Article 15 requires internet news aggregators like Google News to pay for excerpts of news stories shown online, anything other than “very short extracts.” Whether such payments can meaningfully improve the finances of newspapers remains to be seen, but if you believe serious journalism undergirds democratic societies, it’s a laudable effort, even though the aggregators protested.
With the directive in place, copyright owners, and companies that sell filtering technology, will gain at the expense of a few tech giants.
Article 17 is even more controversial. It ends the European “safe harbor” for some “online content sharing services.” Article 17 expressly exempts cloud services, online marketplaces (such as EBay), open source software platforms and nonprofits. What’s left are the “sharing” platforms of big, and mainly American, tech: Facebook, YouTube, Instagram, Vimeo, Twitch.tv, etc.
These platforms have flourished behind laws that shield them from financial liability for hosting materials that infringe copyright. In 1998, the United States passed its Digital Millennium Copyright Act, which established the first safe harbors to protect what were then mostly passive web storage services. The EU followed suit with its 2000 E-Commerce Directive, creating very similar protections in Europe. China, Japan, Australia, Singapore and many other jurisdictions soon did the same thing, often after prodding by the U.S.
But since the turn of the century, “web hosts” Facebook and YouTube have gone far beyond storage, creating very public, advertising-based “social media” business models that depend on free input provided by users. Much of that “user generated” content is only user uploaded. It is actually copyrighted content that belongs to someone else.
The safe harbor system does have some rules in place to deal with copyright. It provides that YouTube, for example, must take down unauthorized uploads when copyright owners send notices, but songs and videos reappear as quickly as they are taken down. YouTube also offers an alternative, a system called Content ID that can detect an Arcade Fire song or a “Simpsons” episode and give the copyright owner some ad revenue instead of removing the track or video. Sounds good, right?
It is, but YouTube still has enormous leverage. If reports are true, YouTube basically tells copyright holders to license their material (uploaded by users) to YouTube at the offered rate or be prepared to send an unending stream of take-down notices, with no hope of being able to stop the copyright piracy itself. As the past president of the Recording Industry Assn. of America described the negotiations: “That’s like saying, ‘That’s a real nice song you got there. Be a shame if anything happened to it.’ ”
This negotiating leverage has allowed YouTube to pay anywhere from one-seventh to one-tenth what Spotify pays copyright owners for a music stream, simply because Spotify gets permission in advance while YouTube waits until its users upload other people’s songs.
Although it will take two years to implement, the new EU directive will end all that. It says that for the more than 500 million citizens of the European Union, YouTube and Facebook will be treated like Spotify, Apple Music, Hulu, Netflix or any traditional broadcaster. In other words, they must either license the copyrighted works that appear on their sites in European markets or face the full liability of infringement.

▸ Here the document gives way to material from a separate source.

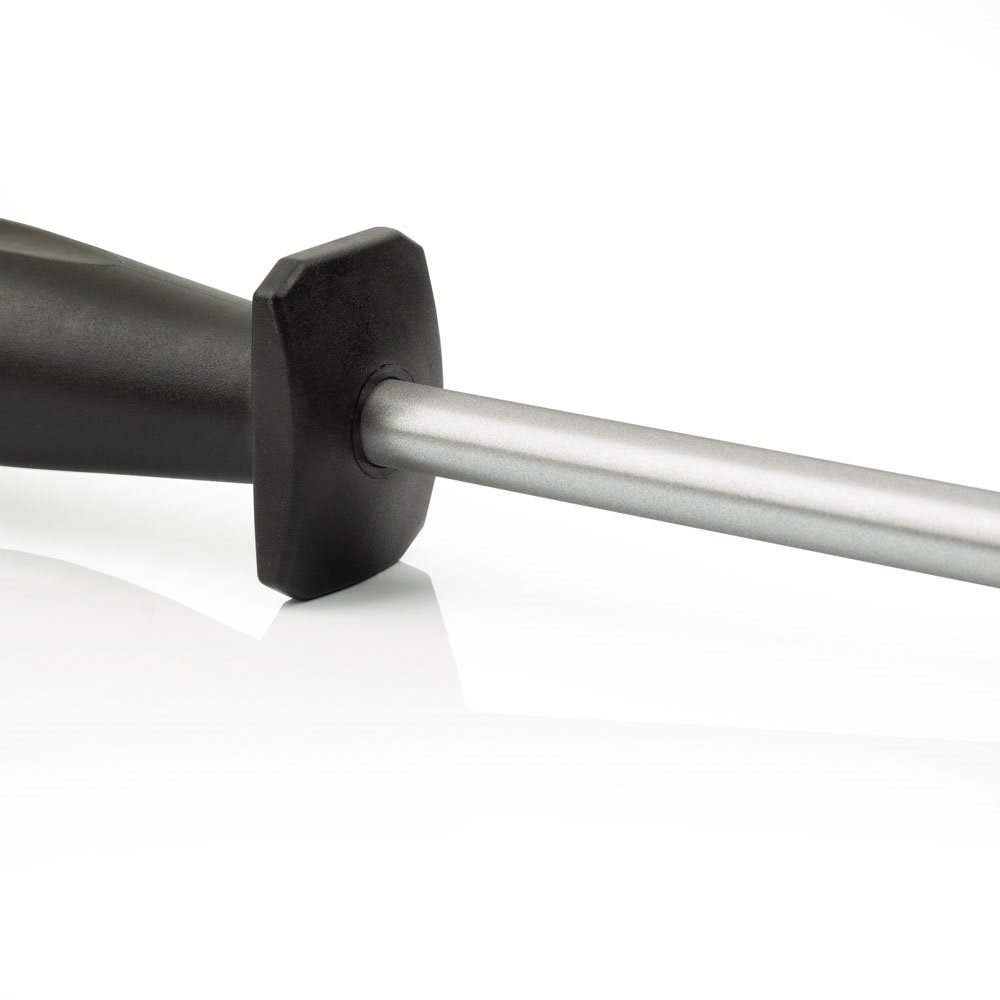 Chaira 230x10 mm con recubrimiento de diamante Arcos con mango de polipropileno negro y gancho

Much of the battle of Article 17 was pitched as a struggle about free speech, with the European Commission accused of censorship, advocating a “meme ban,” discouraging innovation and “breaking the internet.” The truth is more complex. The new rule may suppress some kinds of innovation, but it will spur other advances. And the real issue was euros and cents, not memes and free expression. With the directive in place, copyright owners, and companies that sell filtering technology, will gain at the expense of a few tech giants.
For California’s titan industries — entertainment and high tech — markets are global and what happens in Europe matters. But just as the U.S. digital copyright law inspired Europe to adopt safe harbors for online companies in the earliest days of the internet, Europe’s new copyright law may inspire Washington to rethink how and how much creative professionals are paid in a vastly different and richer digital economy.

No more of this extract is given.